Our primary research objective is to better understand the origins and adaptive radiation of an ancient and biogeochemically significant assemblage of microorganisms, the sulfate-reducing prokaryotes (SRP). In overview, in the last year we have:
- Refined our understanding of energy sources sustaining SRP in geothermal habitats
- Continued to explore the diversity and distribution of SRP in habitats possibly similar to those that existed on early earth (microbial mats and hot springs).
- Developed improved methods for resolving the evolutionary history and diversity of SRP (Wagner, Loy et al. 2005; Stahl, Loy et al. In review)

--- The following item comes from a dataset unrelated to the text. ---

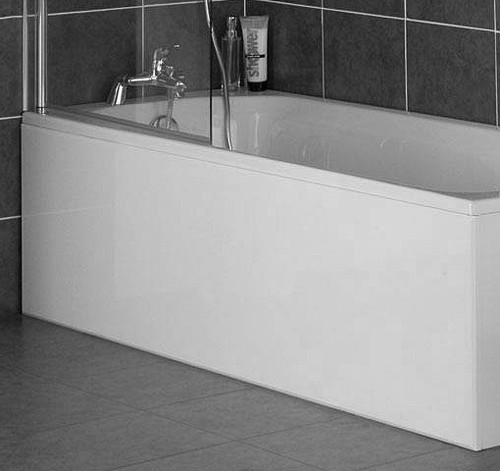 Example image of Hydra 1500mm Side Bath Panel (White, Solid MDF).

Energy Sources on Early Earth. Continued studies examined the importance of alternative electron donors to sulfate respiration in hot springs within Yellowstone National Park by measuring the stimulation of sulfate reduction by exogenous substrate addition (lactate, acetate, hydrogen). In 2005, we retuned to four hot spring systems where we had previously measured significant SRR: Obsidian Pool (OP) in the Mud Volcano area, Black Sediment Pool (BSP) in the Nymph Creek area and two unnamed hot springs (SHO2 and SHO6) in the Shoshone Geyser Basin. We observed significant stimulation of SRR by hydrogen at OP and BSP, and significant stimulation of SRR by hydrogen at SHO2 but not SHO6. These findings suggest that hydrogen may be an important source of energy for endogenous sulfate reducing microorganisms in these hot spring systems. This hypothesis is supported by our efforts at cultivating sulfate reducers from these environments. Together, these results confirmed the presence of sulfate respiring microbiota that might have been sustained within geothermal systems of an early Earth (Köenneke, de la Torre et al. 2004; Köenneke, de la Torre et al. In preparation)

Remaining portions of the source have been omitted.